Existem seis tipos de quarks, divididos em dois grupos: os ‘leves’ – up (u), down (d) e strange (s) – e os ‘pesados’ – charm (c), beauty (b) e top (t). São as únicas partículas elementares que podem interagir de todas as formas conhecidas, ou seja, ‘sentem’ as quatro forças da natureza.
Os exóticos
Até 2003, conheciam-se apenas dois tipos desses ‘átomos’ de quarks: os mésons – como o méson pi, descoberto pelo brasileiro César Lattes (1924-2005), ainda em 1947 –, formados por um par quark-antiquark; e os bárions, formados por três quarks.
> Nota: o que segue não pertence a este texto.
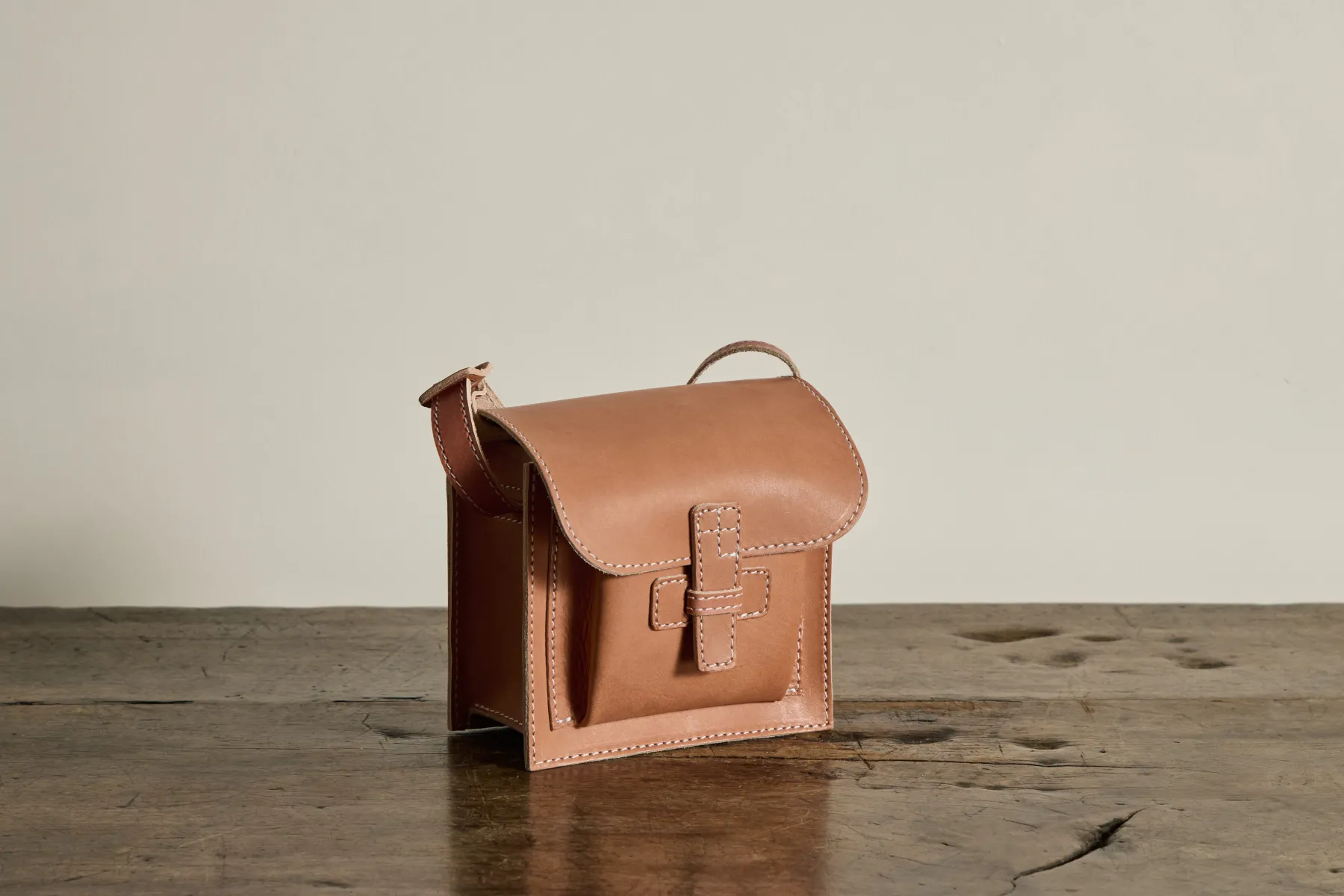 Sac .5 in Honey*AGNES BADDOO Best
No entanto, segundo a teoria quântica – que lida com os fenômenos em escala atômica e subatômica –, outros tipos de estados ligados de quarks são possíveis. E, segundo essa teoria, o que é possível deve obrigatoriamente existir.
Foi em 2003 – em uma das cada vez mais raras descobertas acidentais – que um novo tipo de estado foi observado, denominado X(3872). Não há ainda consenso sobre sua natureza. Essa partícula pode ser uma ‘molécula’ feita de dois hádrons, ou ainda um estado ligado de quatro quarks, denominado tetraquark. Nos anos seguintes, outros novos estados foram identificados, com propriedades distintas.
Além dos tetraquarks e ‘moléculas’, é possível haver outros tipos de estados formados por quarks, antiquarks e glúons: pentaquarks; hexaquarks; estados híbridos formados por quarks e glúons; e glueballs (partículas feitas só de glúons).
Todos esses estados, que não podem ser classificados como mésons ou bárions, são denominados hádrons ‘exóticos’. A maioria desses novos tipos de hádrons tem uma característica comum: a presença de dois quarks pesados.
Quatro pesados
Alguns desses novos hádrons foram observados pelo experimento LHCb, do Centro Europeu de Pesquisas Nucleares (CERN), com sede em Genebra (Suíça), do qual participam equipes brasileiras.
No último dia 1 de julho, o LHCb publicou resultado intrigante: a observação de partícula formada por dois quarks charm e seus respectivos antiquarks. Essa a primeira observação de um hádron ‘exótico’ contendo quatro quarks pesados.
Os novos hádrons oferecem oportunidade única para o estudo da cromodinâmica quântica (QCD), a teoria das interações fortes, bem como dos mecanismos que dão origem ao ‘confinamento’, o fenômeno que impede que os quarks sejam observados isoladamente.
Há, hoje, entre os físicos, a crença de que estamos no limiar de grandes descobertas. A procura por uma nova física é o principal motor dos grandes experimentos no CERN e em outros laboratórios. No entanto, a interação mais básica entre dois hádrons – ou seja, o espalhamento (‘colisão’) entre dois píons – ainda não é complemente entendida. Há ainda aspectos das interações conhecidas que carecem de entendimento, de descrição quantitativa, baseada em princípios fundamentais.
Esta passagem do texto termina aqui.